AlgorithmError: Framework Error... No module named 'your_module'
Your source_dir is missing dependencies. Add a requirements.txt file inside source_dir and SageMaker installs the packages before running your script.
ResourceLimitExceeded: The account-level service limit 'ml.p3.2xlarge for training job usage' is 0
New AWS accounts have zero quota for GPU instances. Go to Service Quotas in the AWS Console, search for SageMaker, and request an increase for the instance type you need. Approvals typically take 1-2 business days.
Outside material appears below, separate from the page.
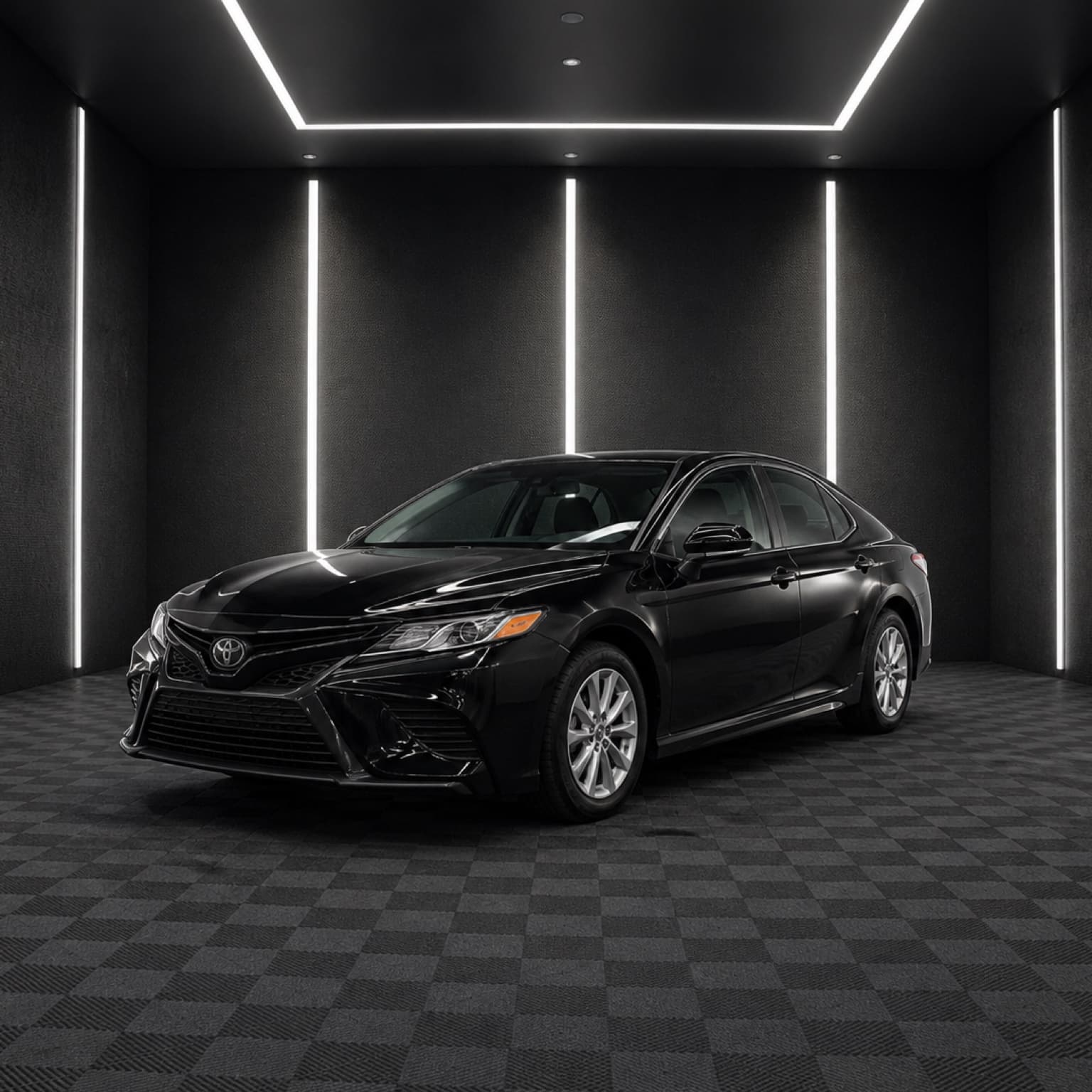 Black Toyota Camry inside a dark automotive studio.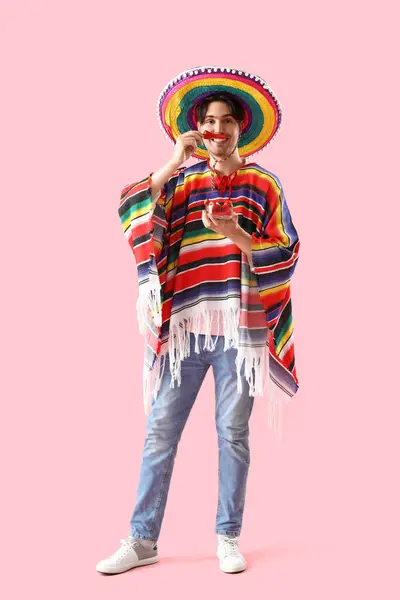 Young Mexican man with chili pepper on pink background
UnexpectedStatusException: Error for Training job ... Training job failed
Check CloudWatch Logs under /aws/sagemaker/TrainingJobs. The actual Python traceback is there. Most common causes: wrong data format, missing files in S3, or out-of-memory errors. For OOM, either reduce batch size or use a larger instance.
Spot instance job stuck in Waiting status
Capacity isn’t available. Either increase max_wait, switch to a different instance type (try ml.p3.8xlarge or ml.g4dn.xlarge as alternatives), or switch regions. us-east-1 and us-west-2 tend to have the best availability.
ModelError: An error occurred (ModelError) when calling the InvokeEndpoint operation
Your inference functions (model_fn, input_fn, predict_fn) have a bug. Test them locally before deploying. The serializer/deserializer on the predictor must match what your inference code expects.